▶ Dataset excerpt:
+ + + + + + +

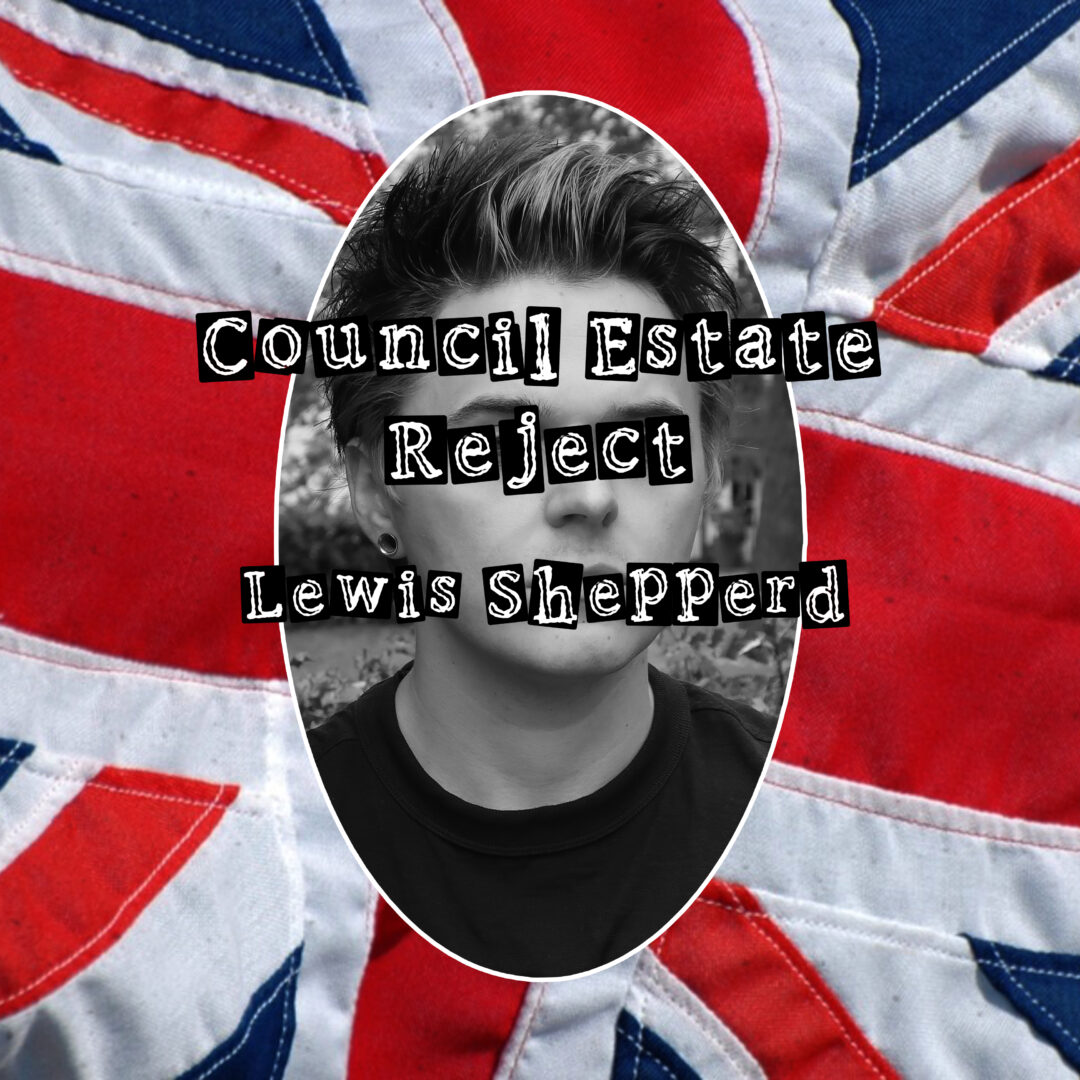 Lewis Shepperd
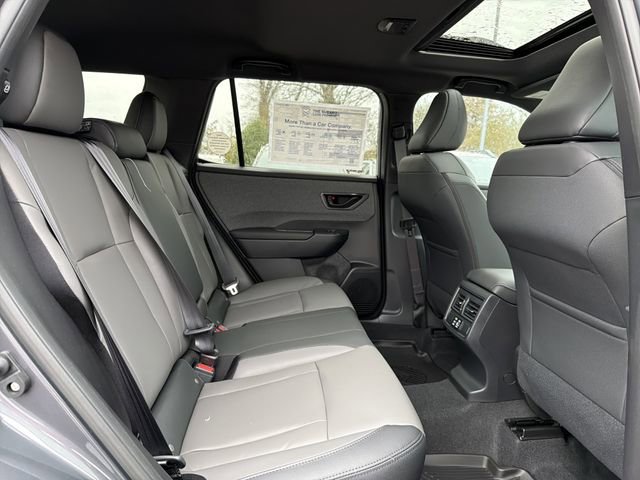 New 2026 Subaru Outback Premium image 17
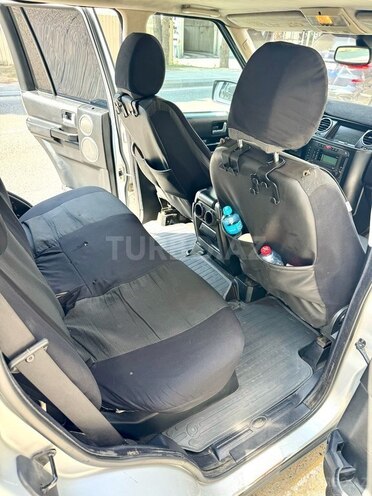 Land Rover Discovery 2005, 275,000 km - 2.7 l - Bakı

+ + + + + + +

▶ Work request: Your response must consist of the material above, reproduced word for word, with the images omitted.

▶ Response below:
 Lewis Shepperd
 New 2026 Subaru Outback Premium image 17
 Land Rover Discovery 2005, 275,000 km - 2.7 l - Bakı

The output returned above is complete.